BEGIN Given entries

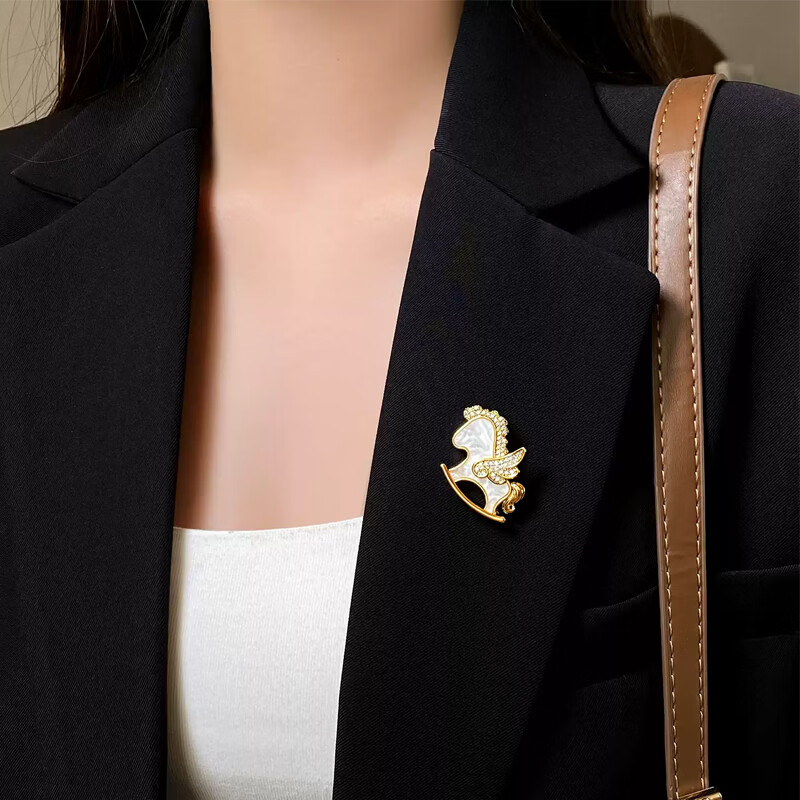 TULM小马胸针女高档配大衣女款2026新款奢华气质别针高级感轻奢礼物 XZ0645摇摇小飞马胸针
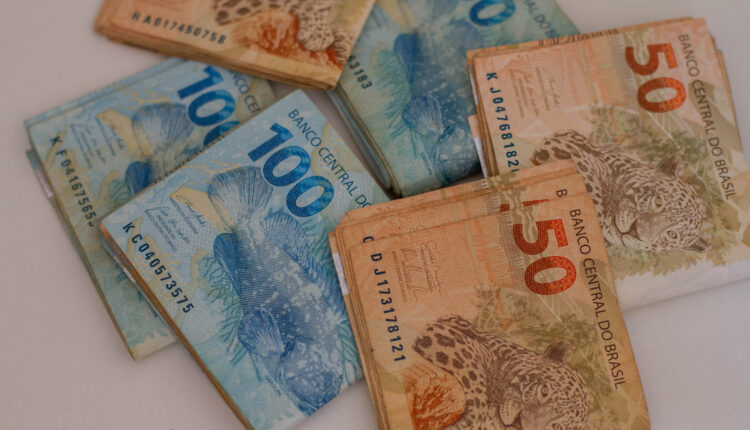 Em anúncio divulgado no mês passado, o Banco Central informou que quase R$ 7,3 bilhões estão disponíveis para resgate no Sistema de Valores a Receber (SVR), com dados relativos a julho. Do valor anunciado, mais de 80% será direcionado a quase 28 milhões de brasileiros. Esse sistema é uma ferramenta do Banco Central que possibilita consultar se pessoas físicas, inclusive falecidas, e empresas têm valores esquecidos em bancos, consórcios ou outras instituições financeiras. Siga a leitura e entenda como realizar a consulta.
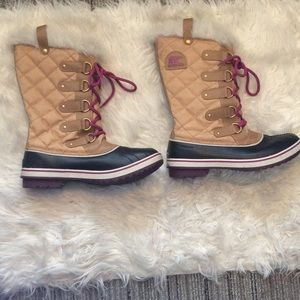 Waterproof snow boots with fur trim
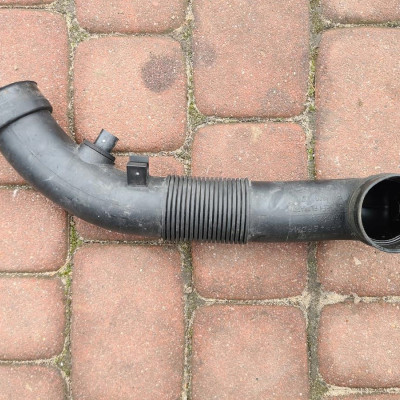 Dolot powietrza rura wąż Opel Corsa D 55557181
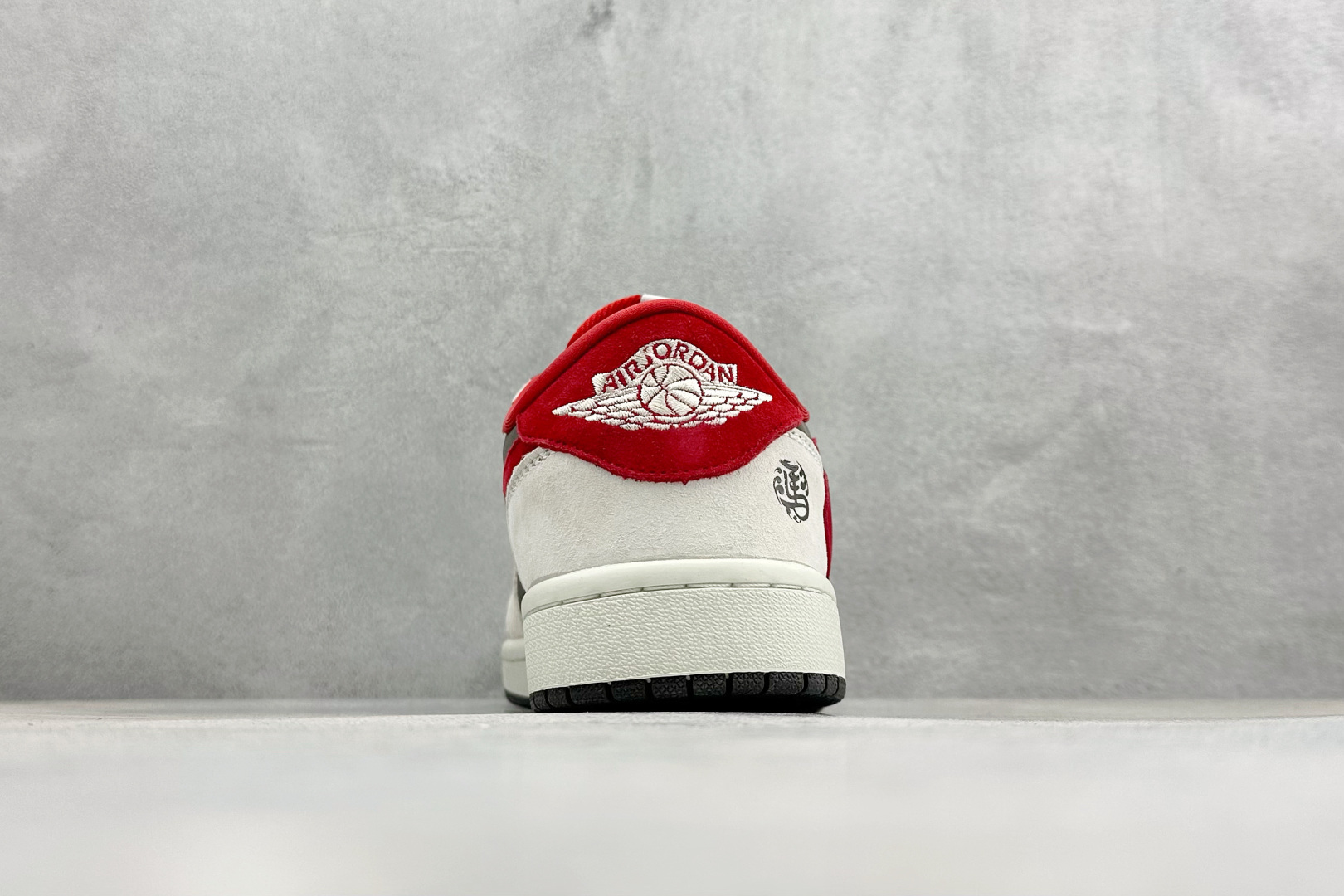Air Jordan 1 Low AJ1 乔1 马年限定 高端定制 倒钩低帮复古篮球鞋 YF9511-501 Air Jordan 1 Low AJ1 乔1 马年限定 高端定制 倒钩低帮复古篮球鞋 YF9511-501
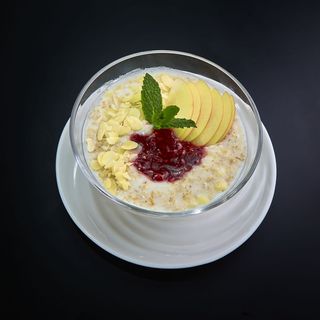 Каша овсяная с яблоками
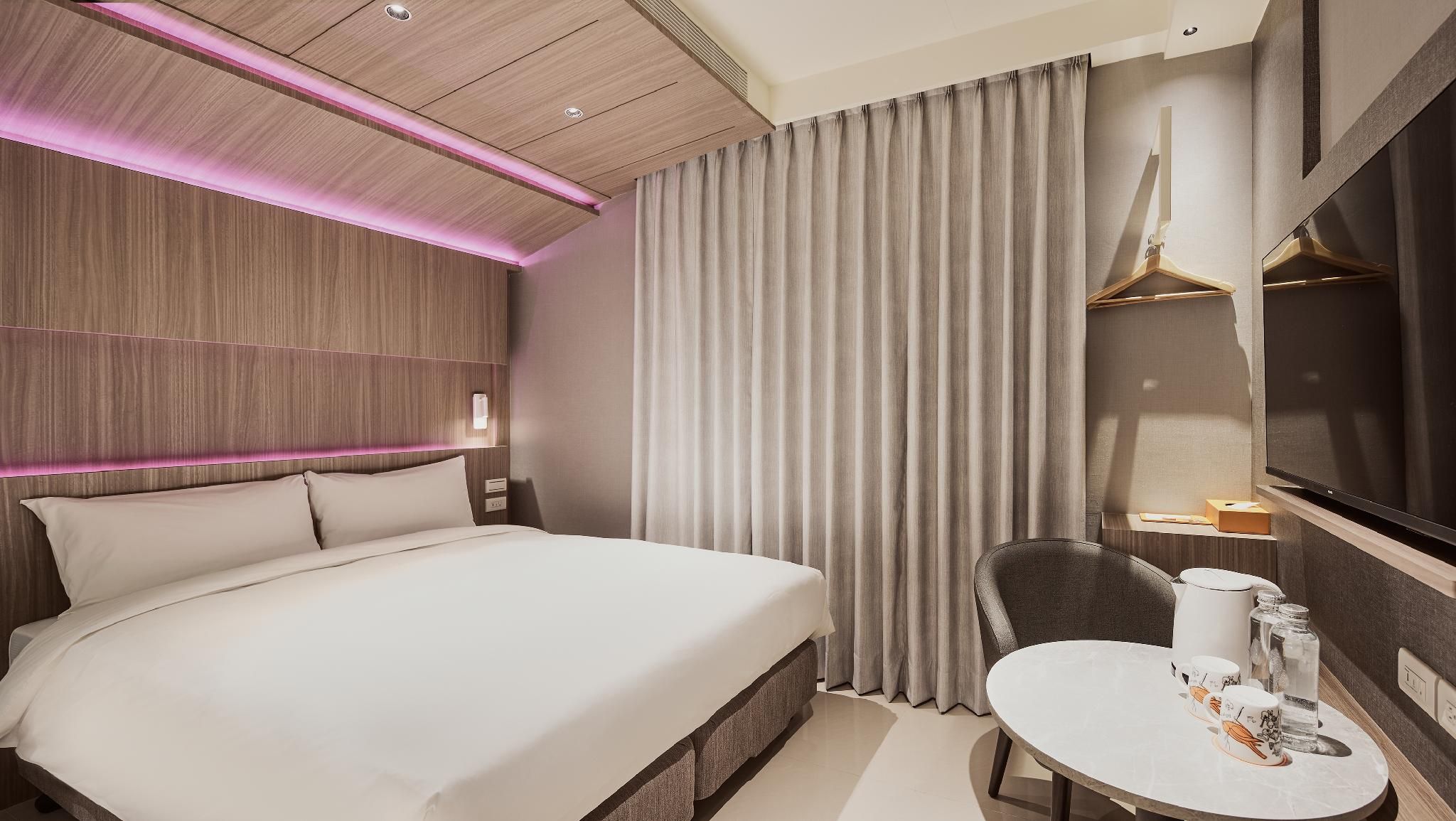 Double Room with Balcony and Private Bathroom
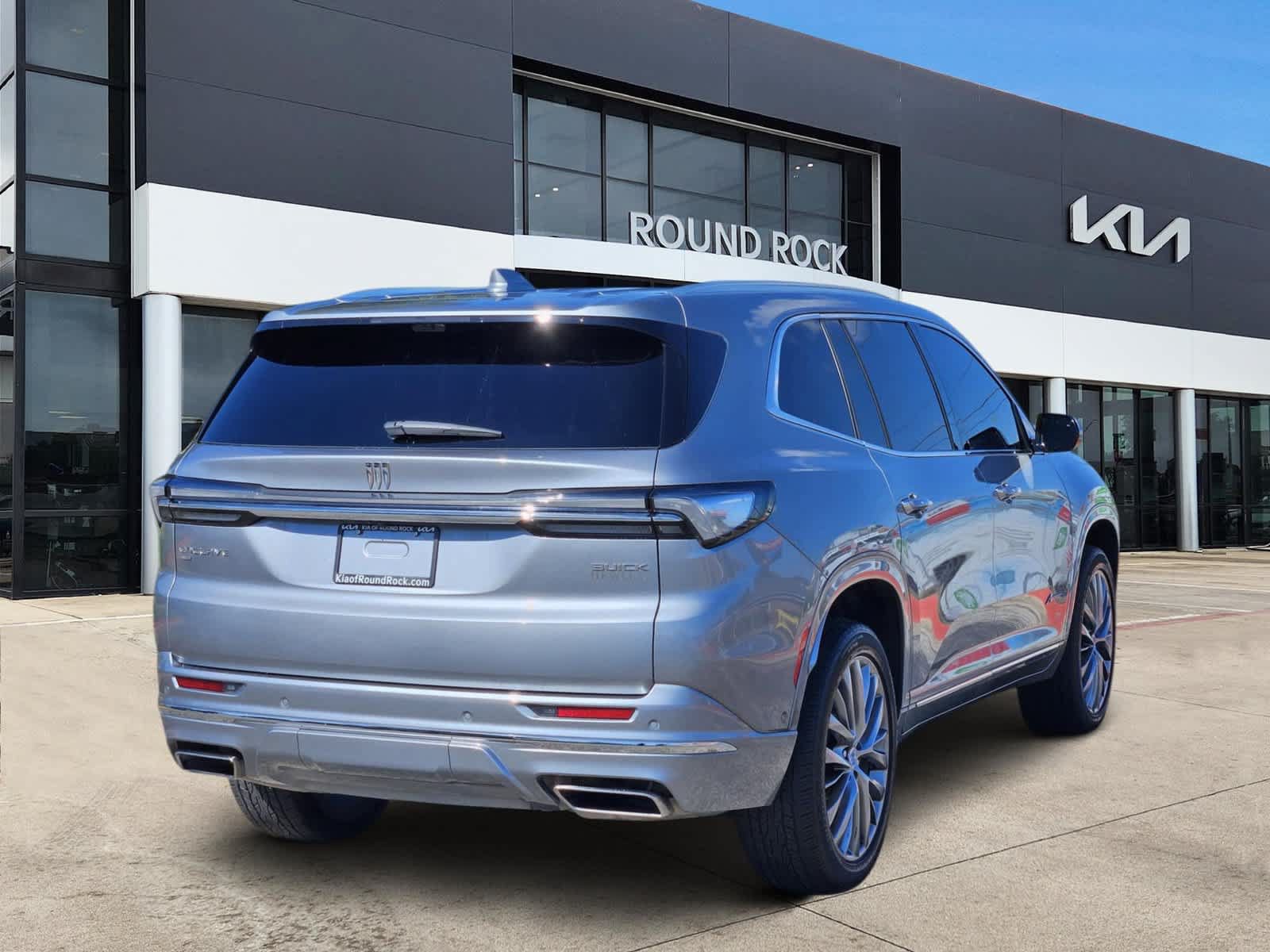 Used 2025 Buick Enclave Avenir w/ Super Cruise Package AWD/4WD image 6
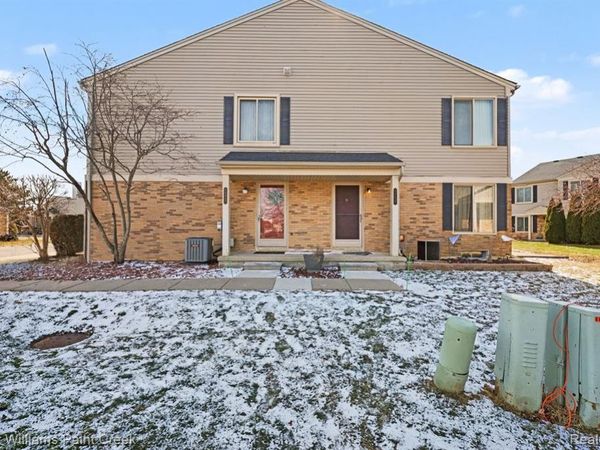 44643 Connecticut Court, Clinton Twp, MI 48038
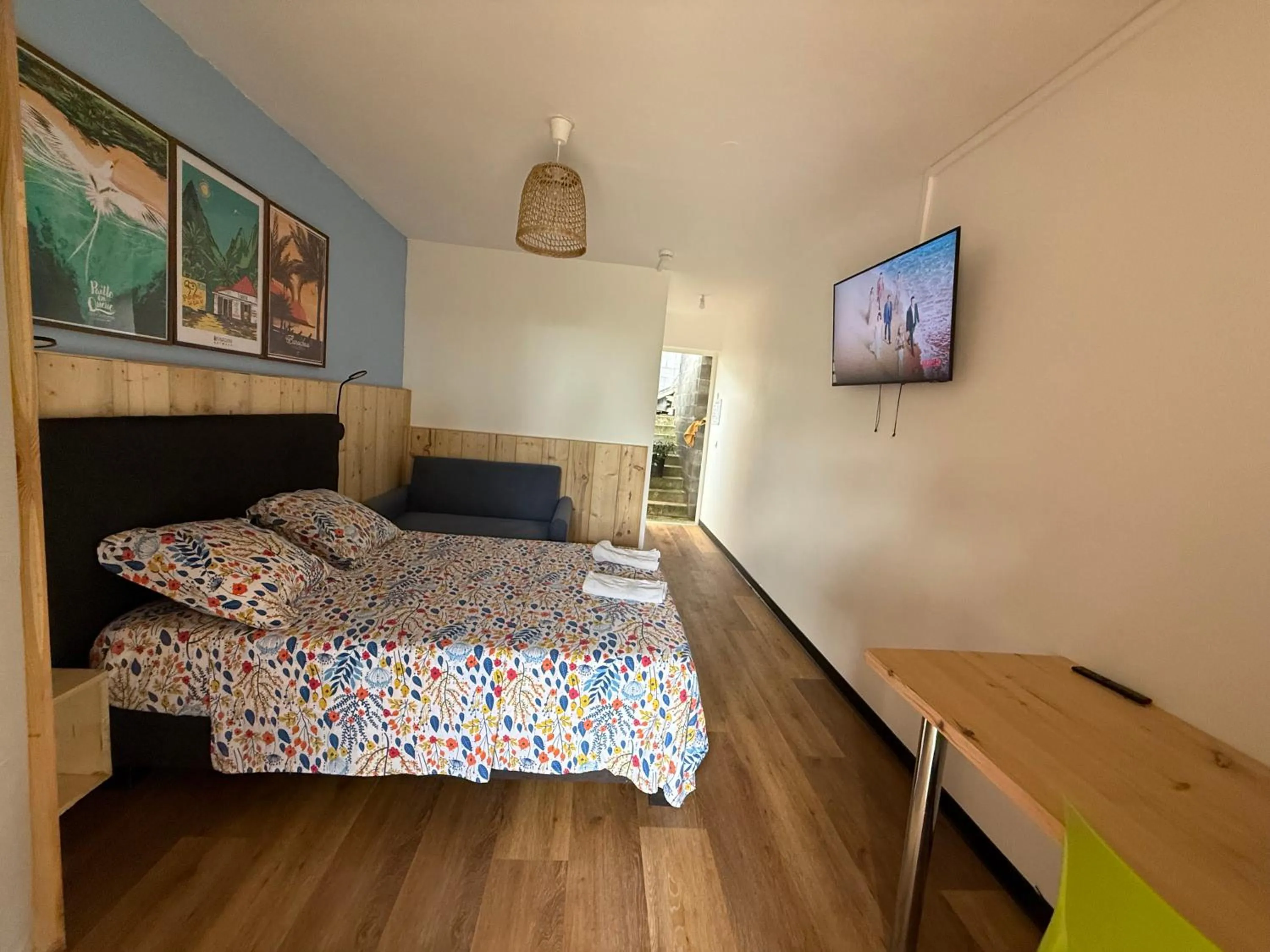 GITE-Hotel LA CAZ DES ORANGERS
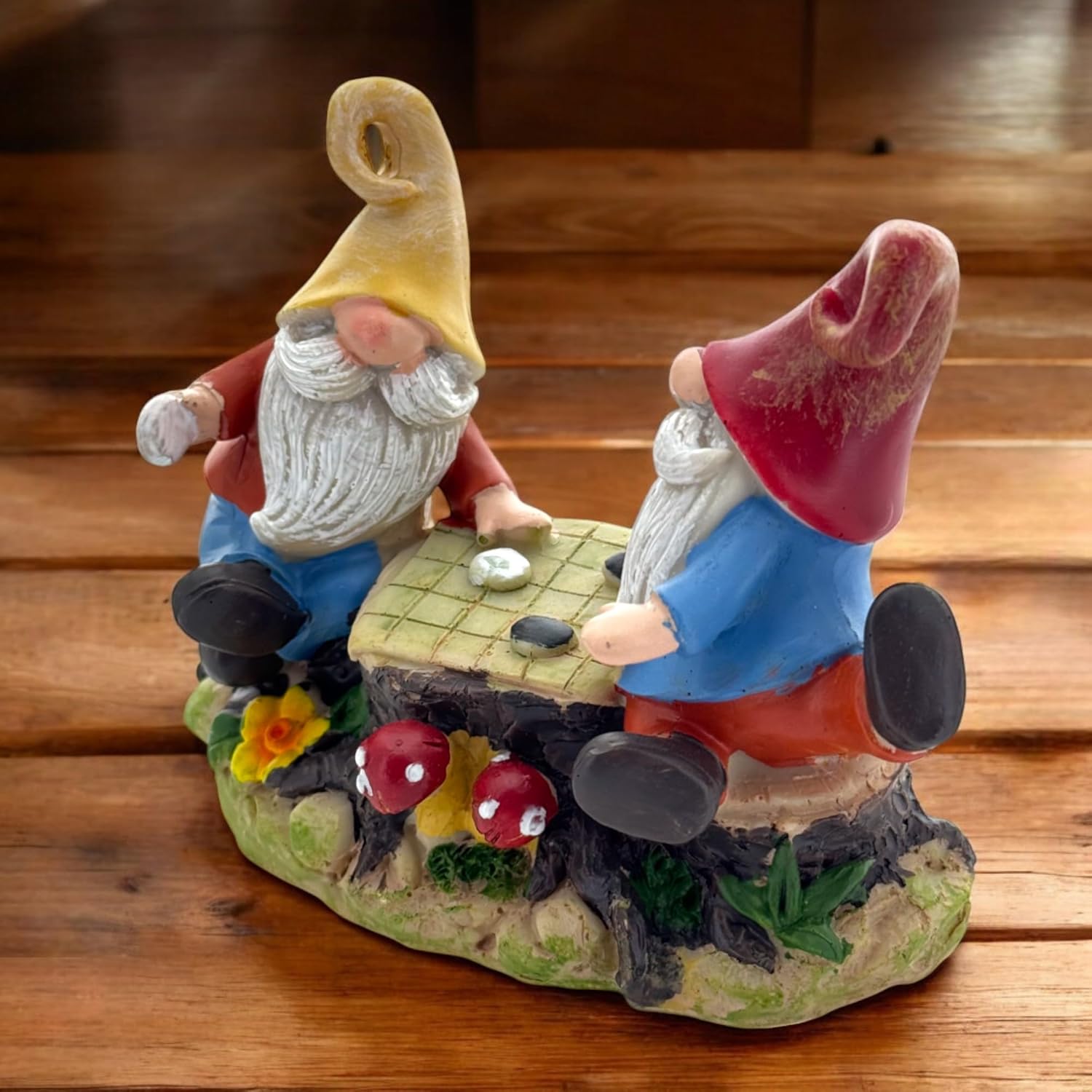 Detalle de MIJOMA Gartenzwerge Dekofigur wetterfest – Zwerge auf Wippe und im Spiel, 13x10x6 cm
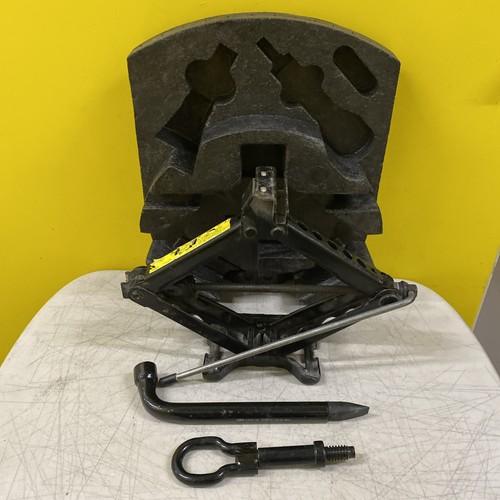 Ford mondeo toolkit car - ford,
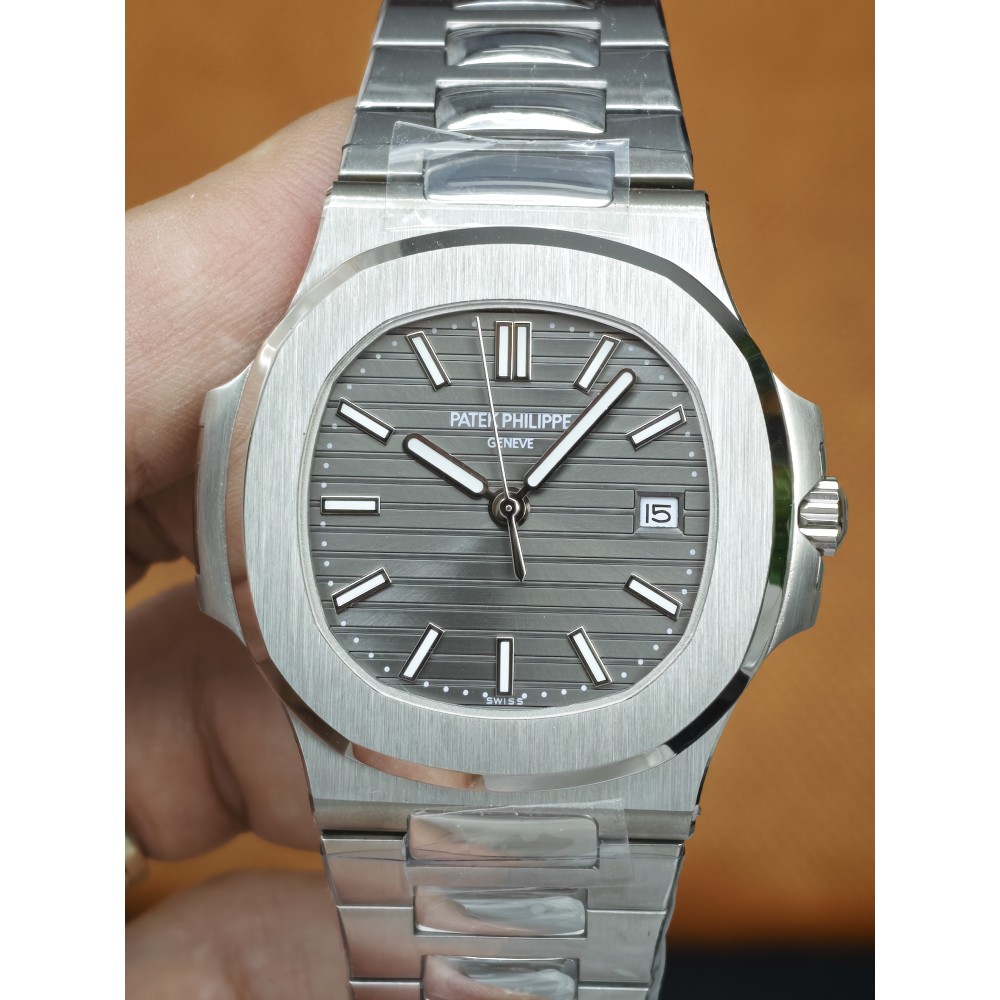 Patek Philippe Nautilus 5711/1A-010 Patek Philippe Nautilus 5711/1A-010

END Given entries

Take the line containing "GITE-Hotel LA CAZ DES ORANGERS" and every line after it up to the end of the entries, and quote them exactly. Both ends count; the pictures do not.

→ **Output of the exercise**
 GITE-Hotel LA CAZ DES ORANGERS
 Detalle de MIJOMA Gartenzwerge Dekofigur wetterfest – Zwerge auf Wippe und im Spiel, 13x10x6 cm
 Ford mondeo toolkit car - ford,
 Patek Philippe Nautilus 5711/1A-010 Patek Philippe Nautilus 5711/1A-010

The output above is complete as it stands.